School's out and so are we. Waking up in Inati Bay, we thought we had it all to ourselves. But, these two eagles soon let us know that we were trespassing in their territory!

(Clicking on pictures makes them bigger)




Inati Bay is only seven miles, SW of Bellingham, on Lummi Island.


Saturday, June 21, 2008

Islands

Headed out of Inati Bay, we pass Vendovi, Cypress, Eliza and Sinclair Islands. We are making for Obstruction Pass (north side of Obstruction Island, between Orcas and Blakely Islands) under the watchful eye of Mt Baker.




Blind Bay

Safely through Obstruction Pass, we make our way to Blind Bay, Shaw Island.

We pass a tee pee...

we pass a Washignton State ferry...

and glide into Blind Bay, another anchorage all to ourselves. With fuel at over $5 per gallon, we are beginning to notice a distinct lack of power boats at anchorages and under way! Ah, too bad. Without them around we have safe, quiet passages, a cleaner environment and anchorages to ourselves. We will miss them!



Sunday, June 22, 2008

From the San Juan Islands to the Gulf Islands

We pick up Kristin around noon, at Orcas, across Harney Channel from Blind Bay, and then have a rare but beautiful sail (you usually have to motor here, due to fluky winds) across the top of Shaw Island, and through the Wasp Islands. Turning north, we dodge west around Jones Island and let the current and south wind take us north, past the east ends of Speiden and Stuart Islands and across Boundary Pass, leaving the USA's San Juan Islands and heading into Canada's Gulf Islands.

Now, we could check in at Canadian customs anywhere, but for some reason we always wind up clearing at Bedwell Harbor, South Pender Island and home of Poet's Cove resort. Hmmm, I wonder why we would want to go here?
After clearing customs, a swim, and shower for Kelly and I, we see that the winds and current are still favorable and these long summer days promise plenty of light. So, back aboard Trust Me, we head north again, and make Annette Bay on Prevost Island a little after sunset, but with plenty of daylight to anchor.

Monday, June 23, 2008

Annette Bay to Ganges

After a lazy morning of breakfast and dinghying in Annette Bay, watching sea otters, osprey and eagles fish all around us, we decide that it's time to slide on over to Ganges, just a few miles north. Again, it is a gentleman's sail downwind, and we make our dramatic entrance, wing on wing.

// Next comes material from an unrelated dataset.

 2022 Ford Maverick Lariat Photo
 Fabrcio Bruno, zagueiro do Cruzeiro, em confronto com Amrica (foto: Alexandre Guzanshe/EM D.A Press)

Our usual anchorage is here, way up by Moby's Pub. It's a great anchorage as the water is shallow and it's close to everything. The only problem with it is that our anchor never holds here...a minor issue.
After exploring ashore with Kristin, sampling gelato, tea shops, pubs and art galleries, and some gift shopping, it was time for dinner at our favorite restaurant, the Tree House Cafe. Yes, it's actually built around a live tree.
As we enjoyed our delicious meals and evening fell,Trust Me swung faithfully at anchor, and music filled the air. We had the best seats in the house as a true Irishman joined with two local musicians (percussion and bass) to perform original Irish folk music and a few covers of our favorite Irish folk musician, Van Morrison. The Tree House Cafe has excellent live music every evening in the summer!

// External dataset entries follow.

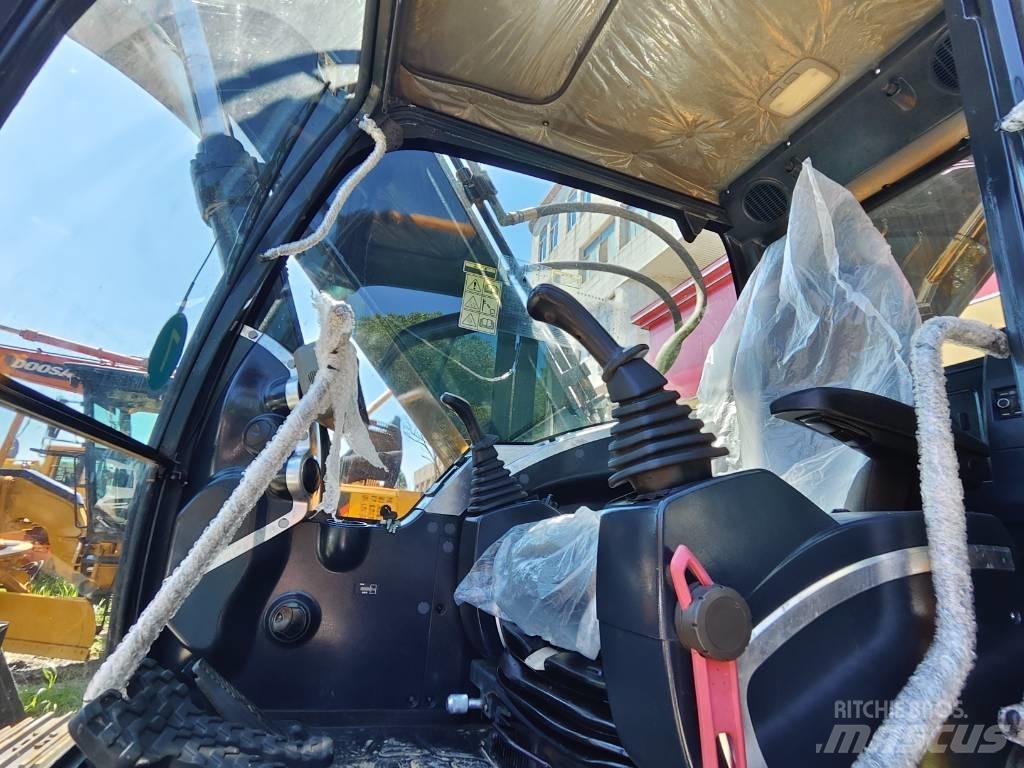 Hyundai Robex 220 LC Bageri guseničari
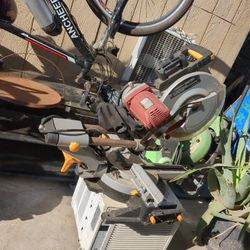 12" Double-Bevel Sliding Compound Miter Saw With Lazer Guide 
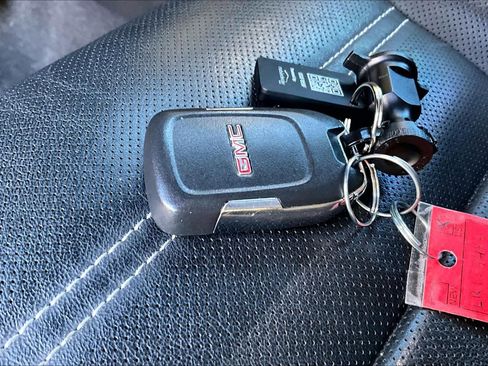 Used 2020 GMC Yukon Denali w/ Denali Ultimate Package image 14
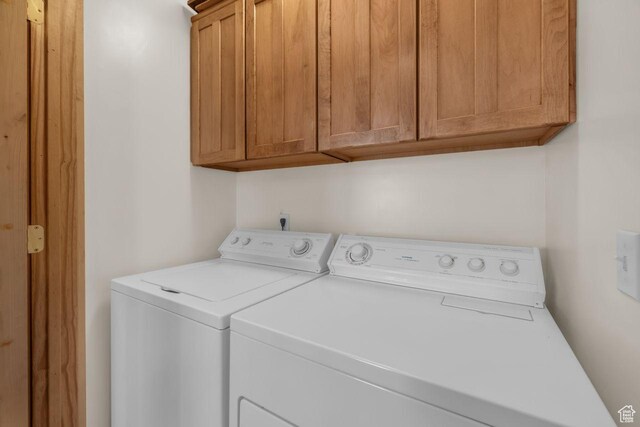 4125 S Buck Way Unit 1958, Heber City, UT 84032 - laundry room featuring cabinets and independent washer and dryer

After the concert, we dinghy back to Trust Me...a perfect evening. Little did we know that the wind would turn, right in the middle of a midnight game of Rummy. And once again our anchor would fail to reset on a wind change, in Ganges. Nothing like a little excitement and exercise at 1:00 am to help you sleep in the next day.

Tuesday, June 24, 2008

Goodbye Ganges, Mornin' Montague

In the morning, we do our traditional fuel top off (three quarters of a gallon!) and beat upwind the the mile or two to Captain Pass, and fall off onto a gorgeous reach, east, toward Montague Harbor, on Galiano Island. Once again, there are hardly any boats in this huge anchorage. If this if due to fuel prices, we hope they will go even higher!
We go ashore and try a new hike to Active Pass on the south end of the island and are rewarded with spectacular views from the top of the bluffs. Giant BC ferries (dwarfed by the heights) pass within yards of each other through the narrow gap.
Jim finds a lucky pirate sword and successfully defends Kelly and Kristin from the many dangers found on Galliano! Don't the powerboaters and the seagull, below, look dangerous?


Wednesday, June 25, 2008

Montague to Wallace

We just can't believe how lucky we have been with weather, so far. Every sunrise and sunset is just beautiful. We depart Montague in this direction, headed north again, with current and wind from the south helpfully pushing us along through Trincomali Channel...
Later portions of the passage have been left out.